The ruling of the municipal court came seven weeks after the prosecutor’s motion was filed. “The court ruled on the application in open court on 23 November 2023,” he said.
Less than a week after the Prague court’s order, US prosecutors filed a new detailed, and unsealed indictment in New York, which declared that Nikhil Gupta had been arrested by Czech authorities.
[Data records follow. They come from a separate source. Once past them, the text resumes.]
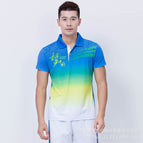 Chinese Dream Men's Blue Short-sleeved White Trousers / M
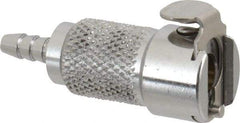 CPC Colder Products - Chrome Plated Brass Push-to-Connect Female Connector - 250 Max psi, Buna Nitrile O-Ring - Industrial Tool & Supply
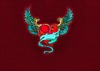 Cartoon: Red Heart with Wings (small) by tonyp tagged arp frogs arptoons green love heart wings red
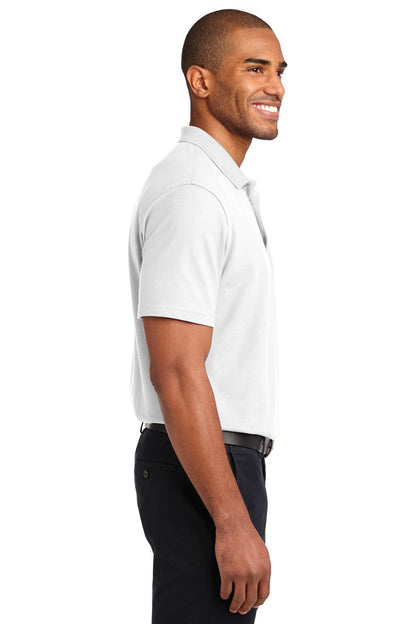 White Port Authority Stain-Release Polo. K510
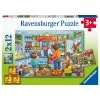 Ravensburger Puzzle 2x12 Piece Lets Go Shopping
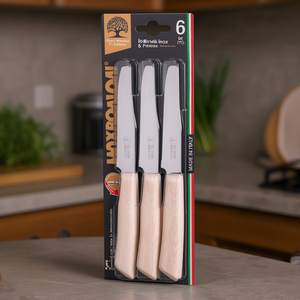Juego de cuchillos 6 piezas Madera blanca 60006S - Product Image 3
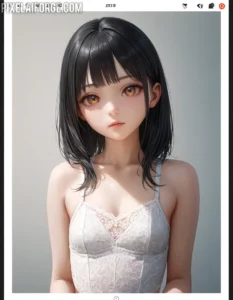Arte Anime de Chica con Cabello Mojado Creado con Fooocus AI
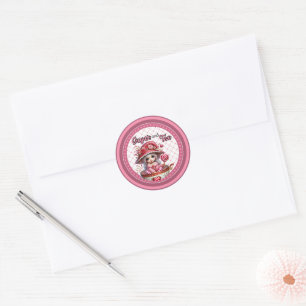 Teacup Cuties Classic Round Sticker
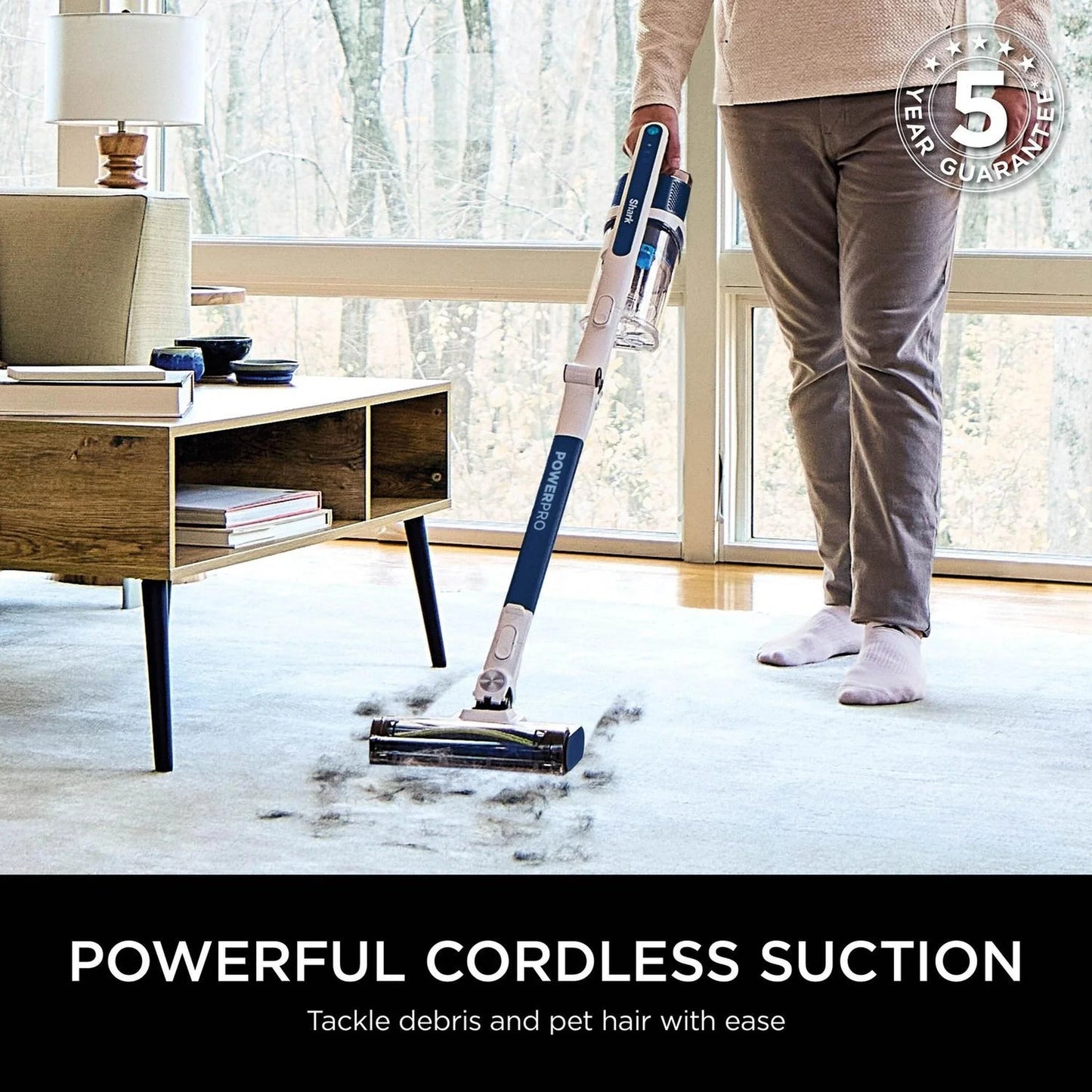 Shark PowerPro Cordless Stick Vacuum Cleaner with Anti Hair Wrap & Floor Detect – IZ380UK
Hours before the indictment was filed, India announced that a high-level inquiry committee had been looking into the US’s information since November 18.
With the extradition process moving to the High Court, Cimbala said that the “next procedural procedure is now taking place”.
“If the court’s decision on the admissibility of extradition comes into force, the presiding judge of the court will refer the matter to the Ministry of Justice, as the Minister of Justice has other subsequent powers in the implementation of international judicial cooperation,” he said.
Similarly, the justice ministry representative also reiterated that once the “decision on the admissibility of the extradition is in legal force,” then the file would be referred to his minister.
He also stated that, in general, the minister is bound by the court’s order. “If the competent court rules on the inadmissibility of the extradition, then the Minister of Justice is bound by the decision of the court and may not authorise the extradition,” said spokesperson Řepka.
Was US granted access?
It is, however, uncertain whether the US had requested or been granted access to Gupta during the processing of the extradition request.
In answer to The Wire’s question about access to Gupta, Řepka said that interrogation of Gupta by any foreign authority would be possible solely on the basis of a formal request for legal assistance.
“In case, there is [a] pre-trial proceeding being conducted in a foreign state, the Supreme Public Prosecutor’s Office is competent to accept a request of the foreign authority for legal assistance; otherwise the Ministry of Justice is competent,” he noted.
But he added that the Czech justice ministry “has not received any formal requests for legal assistance concerning the interrogation of Mr Gupta”.
When the same question was posed to the Public Prosecutor General’s office, The Wire was told that no comments could be provided as the “whole extradition proceedings” are the “exclusive competence of Ministry of Justice of the Czech Republic”.
The Czech justice ministry’s spokesperson, however, made it clear that “until the decision of [the] minister of justice on granting the extradition, the person whose extradition is sought may not be taken into the jurisdiction of the requesting state”.
‘No record of Gupta’
Meanwhile, the police in Gujarat have denied knowledge of any case being registered against Gupta in the state. Similarly, there appears to be no mention of him in the Government of India’s Registry of Narcotics Traffickers.
News of the Pannun murder conspiracy first emerged when the Financial Times reported last month that US investigators had “thwarted” a plot to kill a Sikh-American citizen and warned India of its concerns about government involvement. At that time, the paper had reported that it was not clear why the plot had been abandoned.
The White House subsequently confirmed the FT story and stated that it had raised the matter with India at the “senior most levels”.
The initial Indian public response to the FT story was to characterise the information shared by the US as “inputs pertaining to nexus between organised criminals, gun runners, terrorists and others”, which are a “cause of concern for both countries”. The government said these inputs were “already being examined” by relevant departments. On November 30, it revealed that a formal committee had been set up on November 18.